Hopefully, withholding these donations will be the straw that
breaks the back of the Castro regime. I mean, those sanctions have
been in place for so long, it can't be that much longer before
Castro falls.
Right?
this earth. this realm. this england...
thoreau:
why do you hate literature?
I have often mourned the lack of characters with the combination
of insight and humorous gravitas that Hemingway had.
I think the world would be a better place if some individual had
gone to Iraq and "liberated" a hotel bar, perhaps at the Al
Rashid?
Robert Young Pelton might do the trick. Lord knows Sean Penn
doesn't count.
It's interesting that Ileana Ros-Lehtinen wants to rebuild the lives of poor Cubans yet blocks the renovation. Does she think wealthy Cubans are out looking for renovation work?
When good parties go bad: ladies and gentlemen I present to you the Republican free-market embargo.
Am I the only person on Earth who can't stand Hemingway? I'd bet good money that 150 years from now the only people who'll read any of his writing will be literary scholars trying to figure out what the hell brought on the great bovine revolt of 2032.
Am I the only person on Earth who can't stand Hemingway? I'd bet good money that 150 years from now the only people who'll read any of his writing will be literary scholars trying to figure out what the hell brought on the great bovine revolt of 2032.
Ernest who?
You know, the guy who said, "Hey, Vern, know whut I mean?"
The Cuban embargo is like the war on drugs.
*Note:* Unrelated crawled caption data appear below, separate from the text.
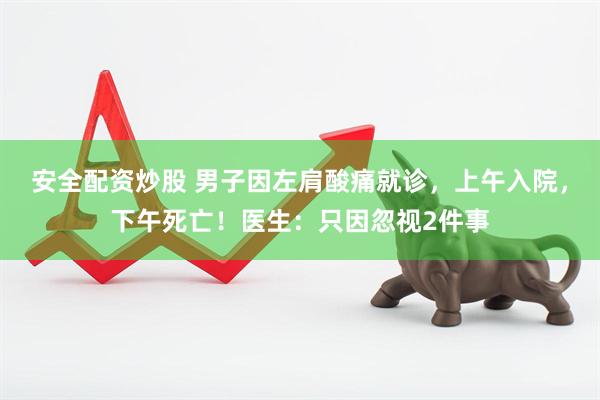 安全配资炒股 男子因左肩酸痛就诊，上午入院，下午死亡！医生：只因忽视2件事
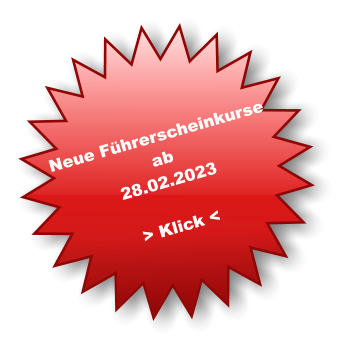 Neue Führerscheinkurse  ab 28.02.2023  > Klick <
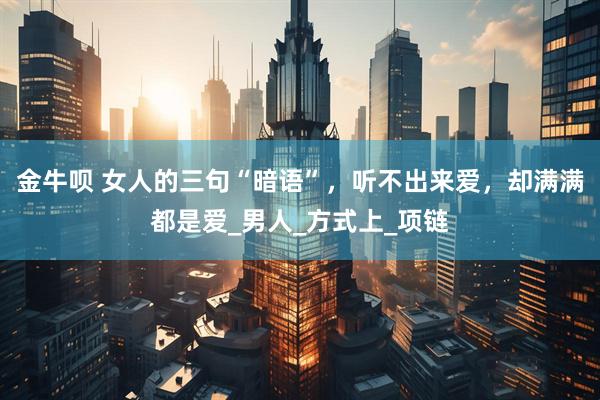 金牛呗 女人的三句“暗语”，听不出来爱，却满满都是爱_男人_方式上_项链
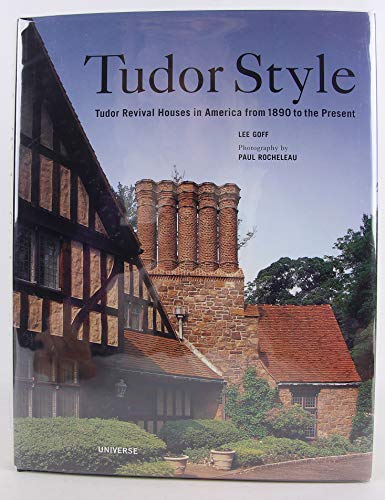 Tudor Style: Tudor Revival Houses in America from 1890 to the Present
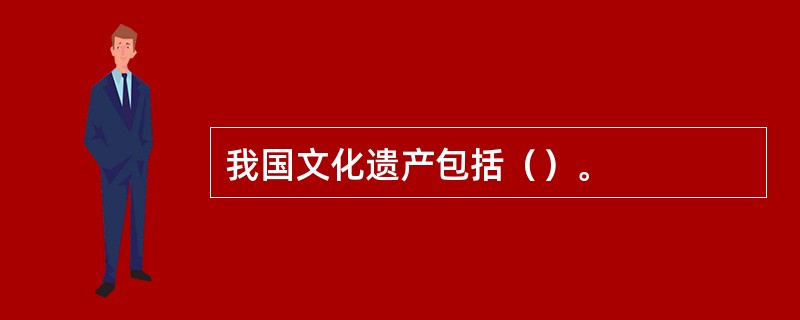 我国文化遗产包括（）。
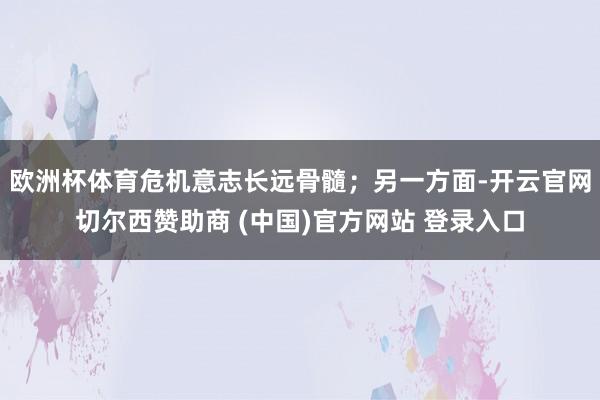 欧洲杯体育危机意志长远骨髓；另一方面-开云官网切尔西赞助商 (中国)官方网站 登录入口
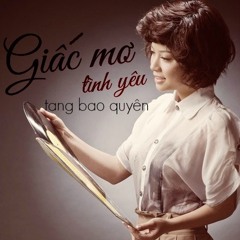 Giấc mơ tình yêu - Tăng Bảo Quyên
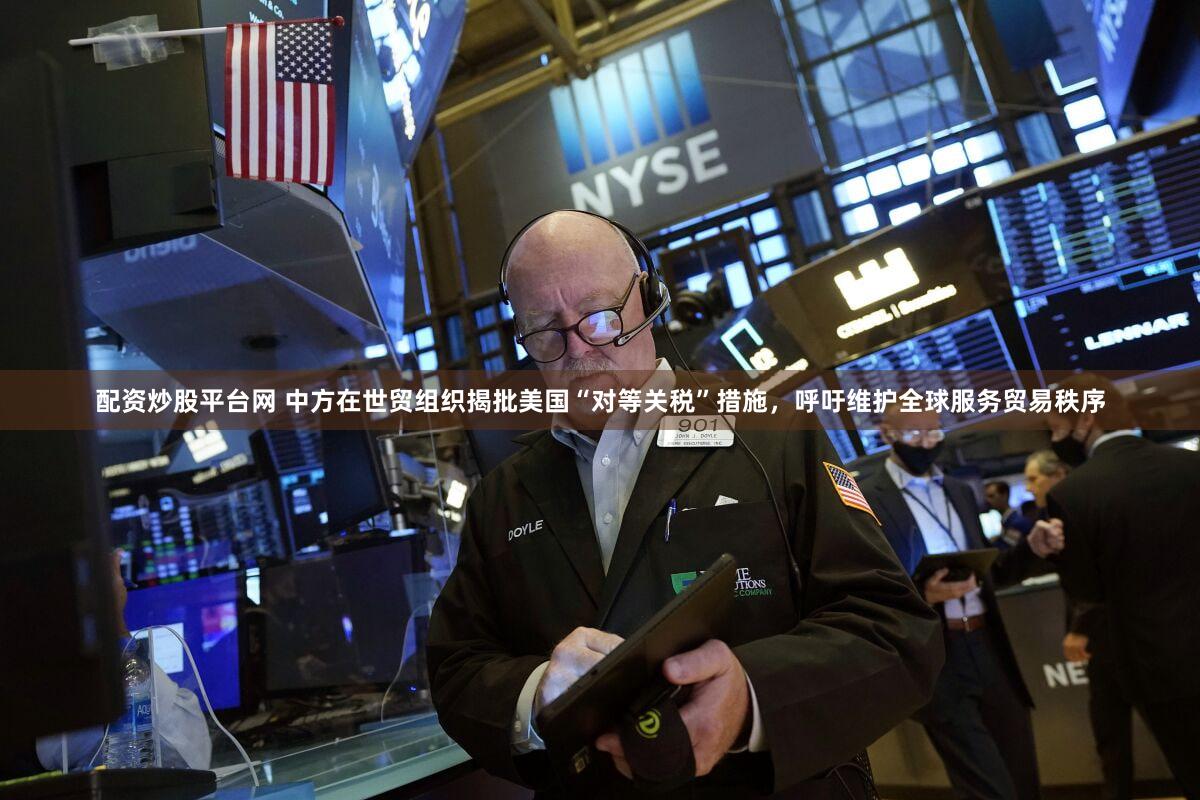 配资炒股平台网 中方在世贸组织揭批美国“对等关税”措施，呼吁维护全球服务贸易秩序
It's been failing for
decades, but it's always just about to achieve its goal.
The great thing about Ernest Hemingway is that he wrote The
Old Man and the Sea, and your teacher will accept it as the
subject of a book report -- and it's only like 20 pages long.
So you can write your book report in maybe two days tops, while
your classmates are still struggling through the first 10-page
paragraph of fucking Turn of the Screw by fucking Henry
James.
-- Stevo, who once had to do a book report on Turn of the
Screw because someone else got to the school library's copy of
The Old Man and the Sea before I did.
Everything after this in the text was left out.